▶ **What the task requires**: Below are the records. Reproduce exactly the lines from the one containing "0K2N349980 Hyundai/Kia pinza" through the final line, and omit any pictures.

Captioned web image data

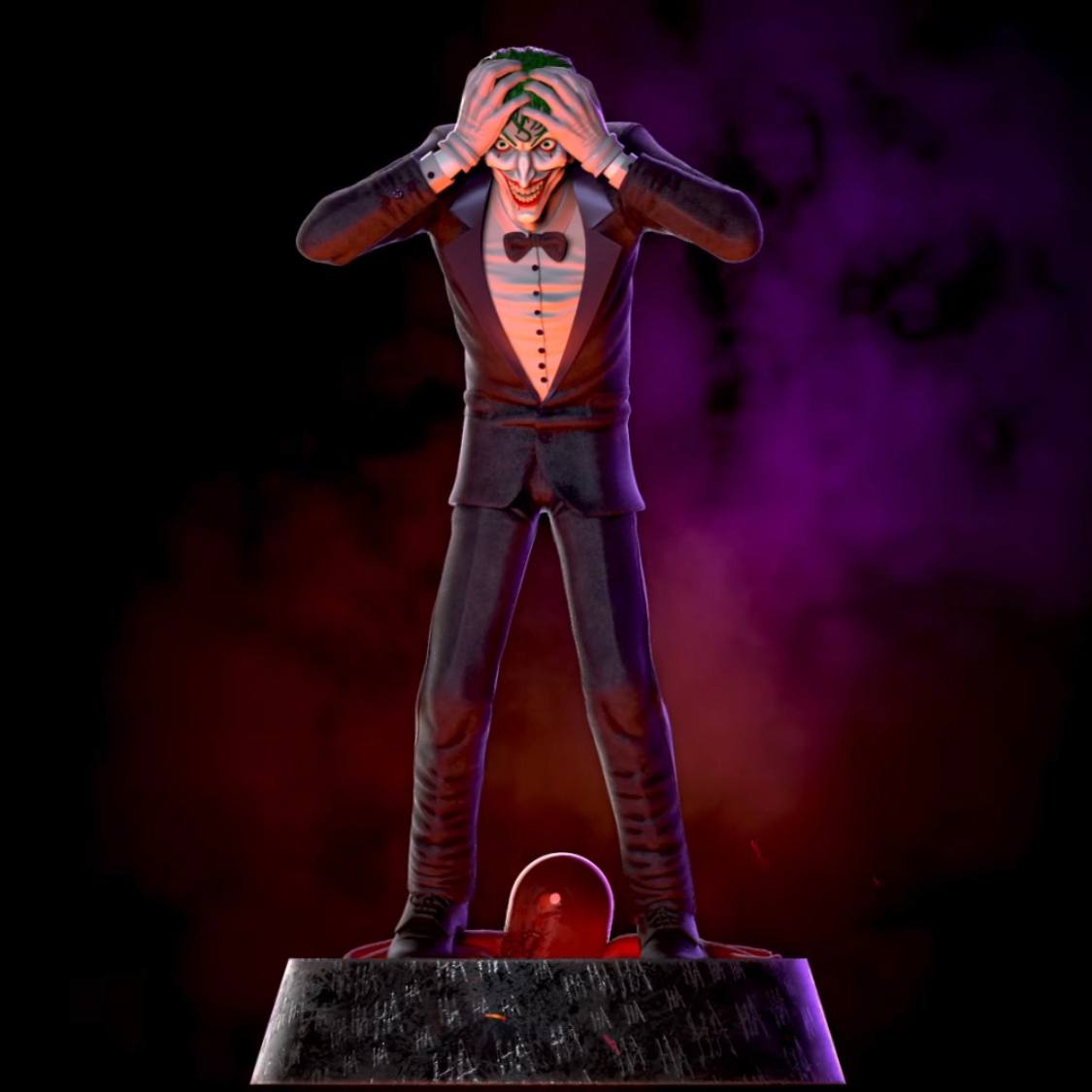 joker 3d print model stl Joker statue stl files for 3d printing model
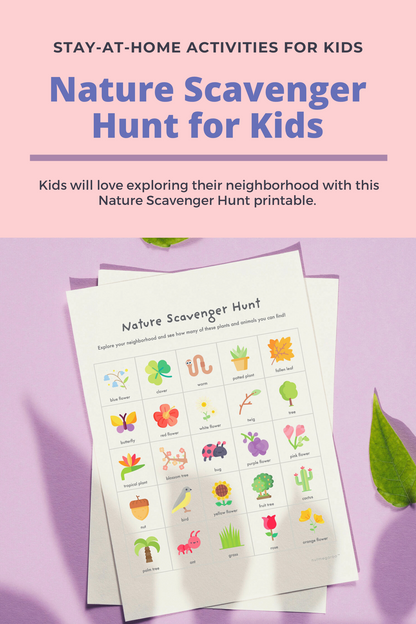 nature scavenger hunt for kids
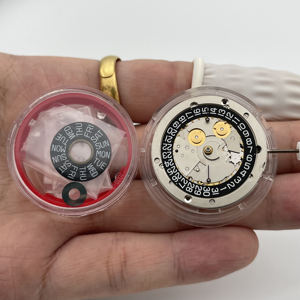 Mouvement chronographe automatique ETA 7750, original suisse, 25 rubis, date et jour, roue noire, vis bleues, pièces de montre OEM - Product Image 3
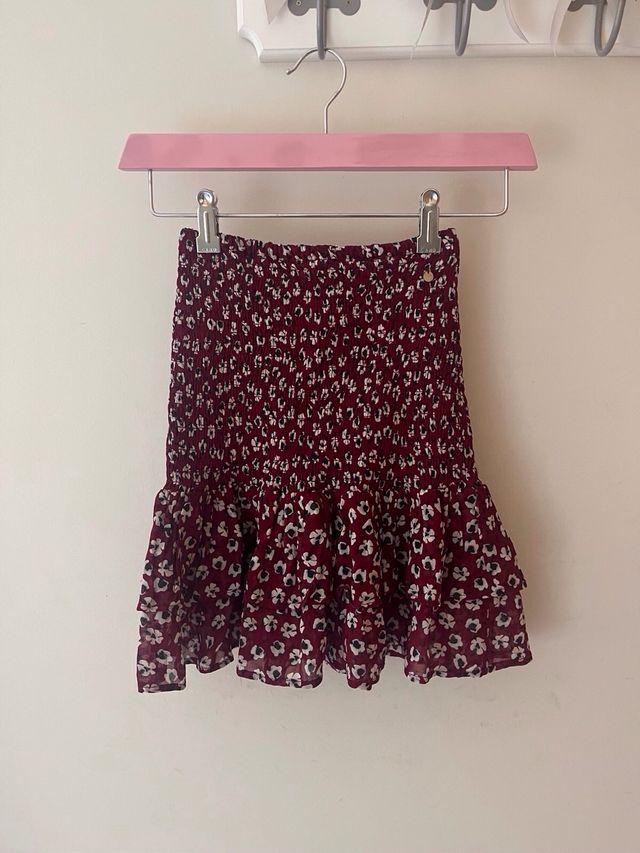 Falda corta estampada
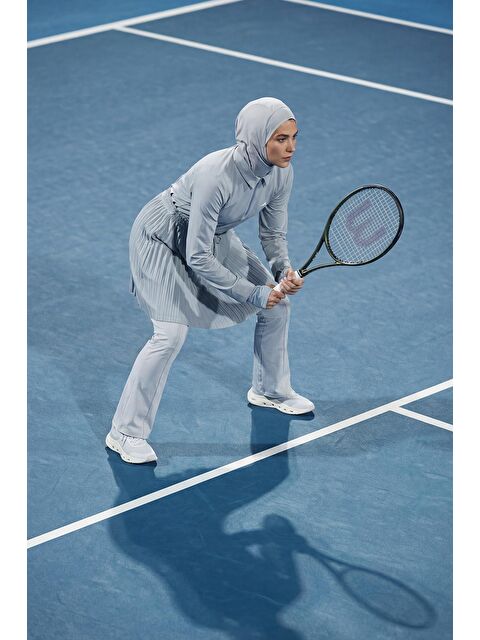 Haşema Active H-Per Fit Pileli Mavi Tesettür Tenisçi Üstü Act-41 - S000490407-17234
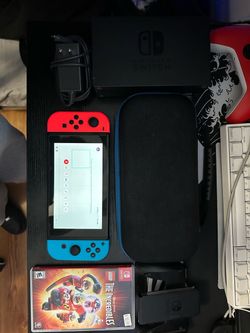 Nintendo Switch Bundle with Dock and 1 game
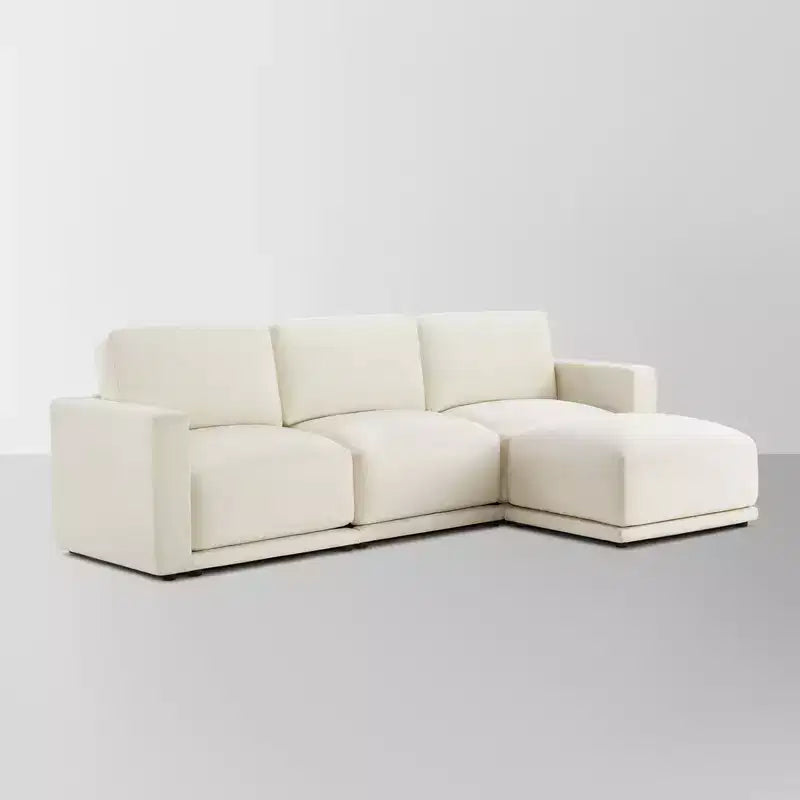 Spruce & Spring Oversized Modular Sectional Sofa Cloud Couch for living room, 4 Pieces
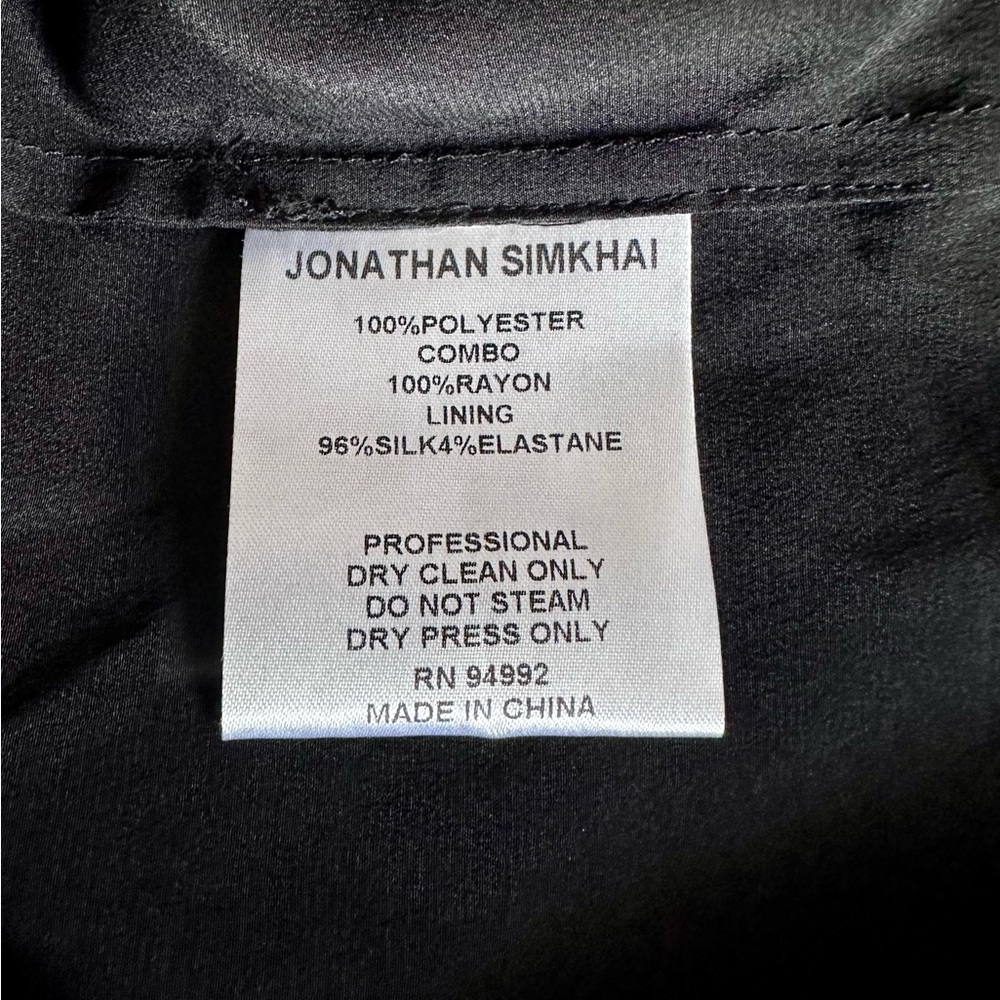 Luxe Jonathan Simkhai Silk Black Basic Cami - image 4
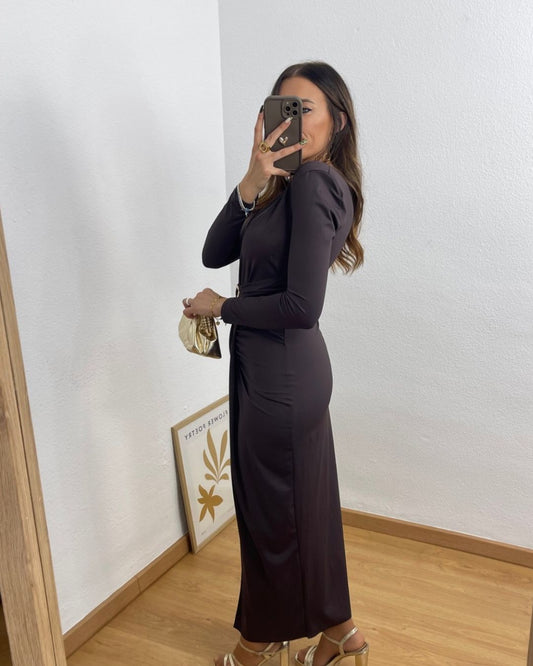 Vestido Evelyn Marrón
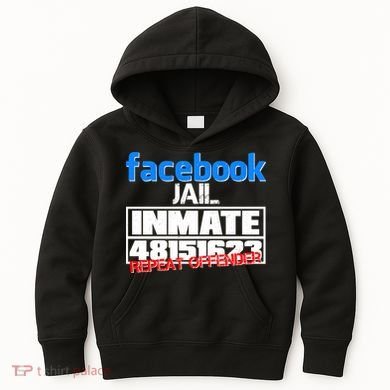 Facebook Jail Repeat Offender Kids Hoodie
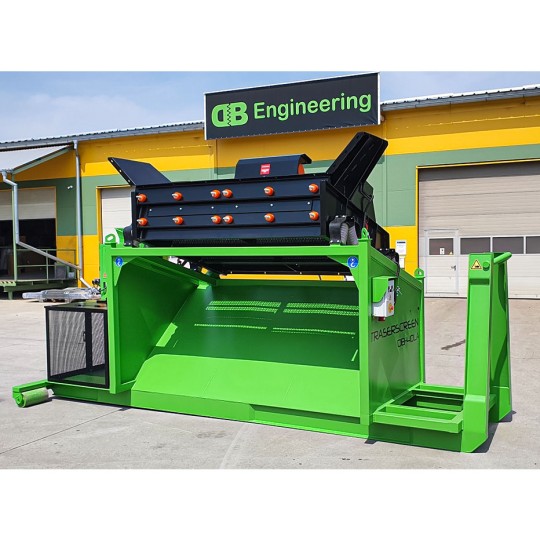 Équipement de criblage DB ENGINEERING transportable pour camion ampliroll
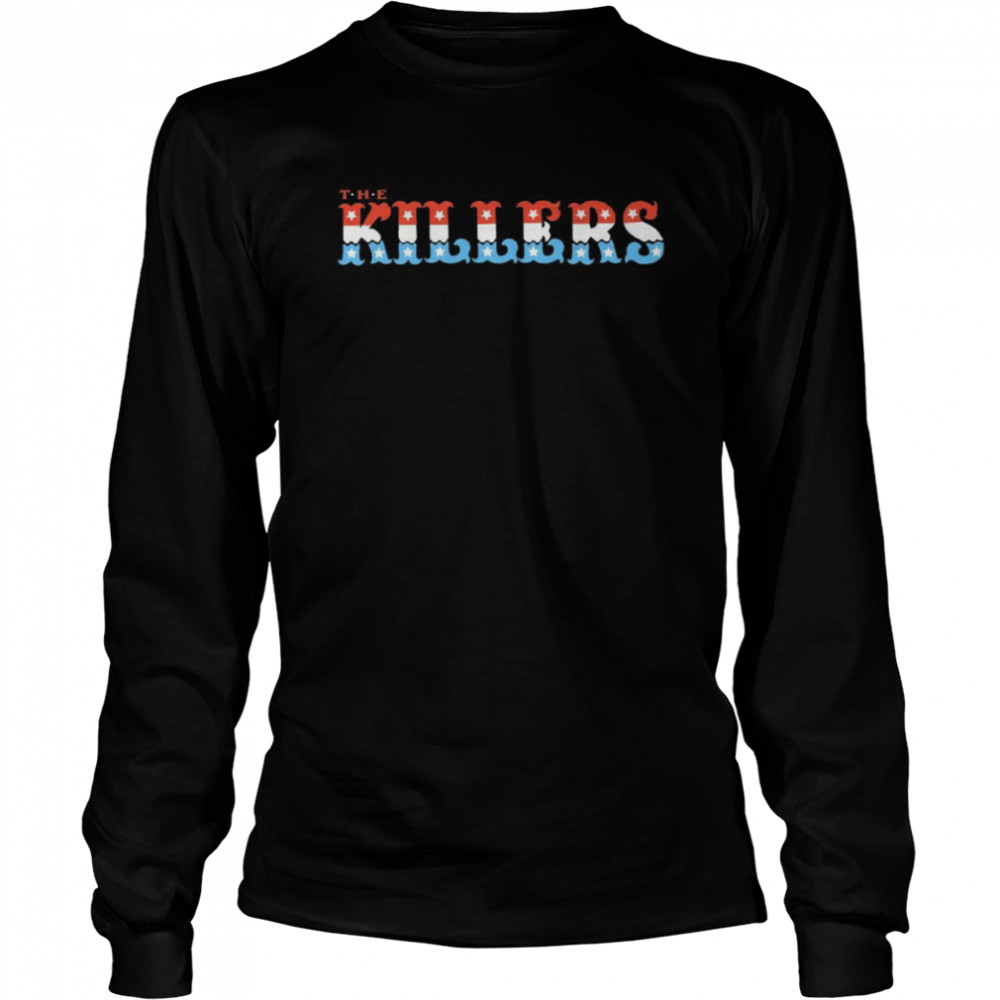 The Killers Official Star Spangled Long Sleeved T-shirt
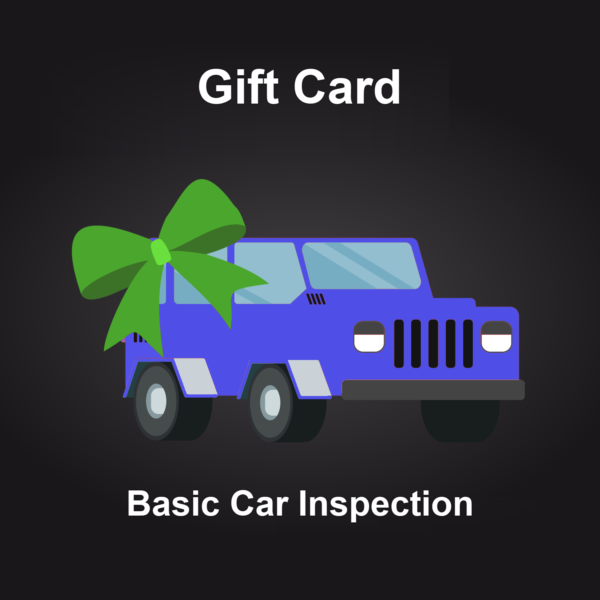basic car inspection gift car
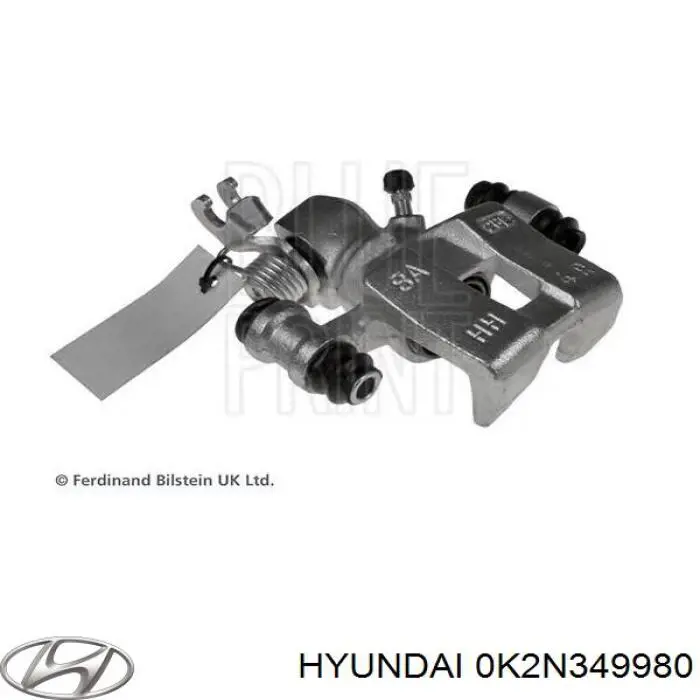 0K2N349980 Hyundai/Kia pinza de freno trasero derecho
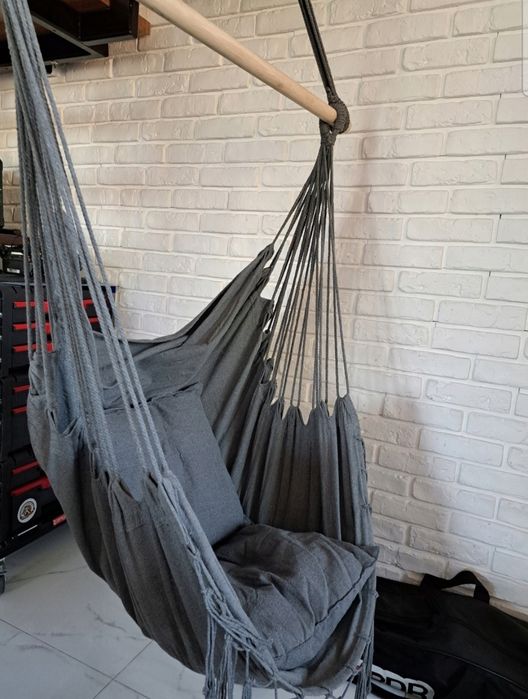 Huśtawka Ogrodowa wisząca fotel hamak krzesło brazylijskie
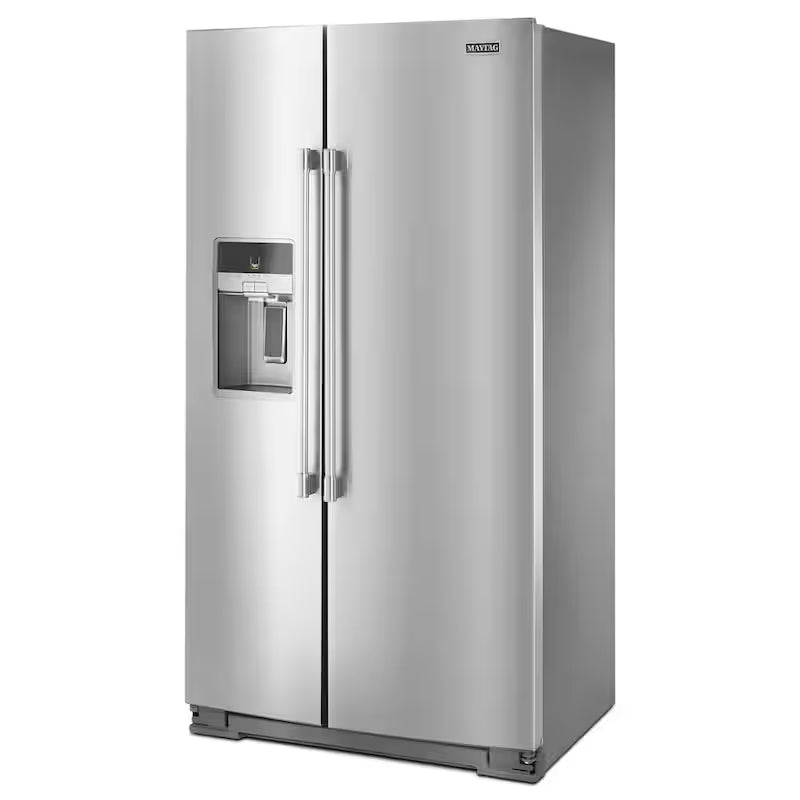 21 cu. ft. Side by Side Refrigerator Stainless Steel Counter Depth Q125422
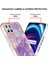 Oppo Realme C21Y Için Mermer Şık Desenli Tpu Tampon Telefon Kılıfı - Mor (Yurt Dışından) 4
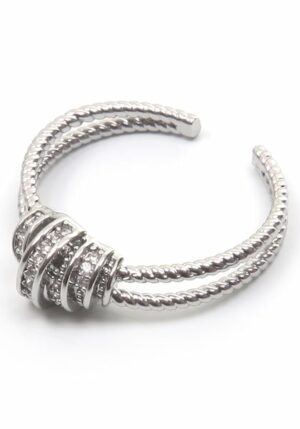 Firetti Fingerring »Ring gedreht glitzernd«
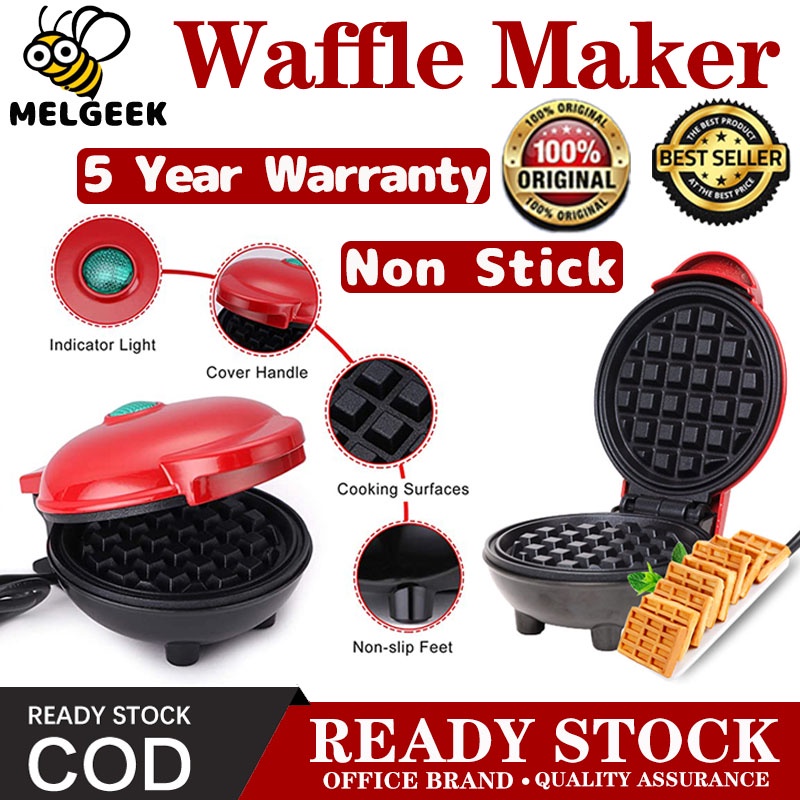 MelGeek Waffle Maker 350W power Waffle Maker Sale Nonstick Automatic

▶ **Your response**:
 0K2N349980 Hyundai/Kia pinza de freno trasero derecho
 Huśtawka Ogrodowa wisząca fotel hamak krzesło brazylijskie
 21 cu. ft. Side by Side Refrigerator Stainless Steel Counter Depth Q125422
 Oppo Realme C21Y Için Mermer Şık Desenli Tpu Tampon Telefon Kılıfı - Mor (Yurt Dışından) 4
 Firetti Fingerring »Ring gedreht glitzernd«
 MelGeek Waffle Maker 350W power Waffle Maker Sale Nonstick Automatic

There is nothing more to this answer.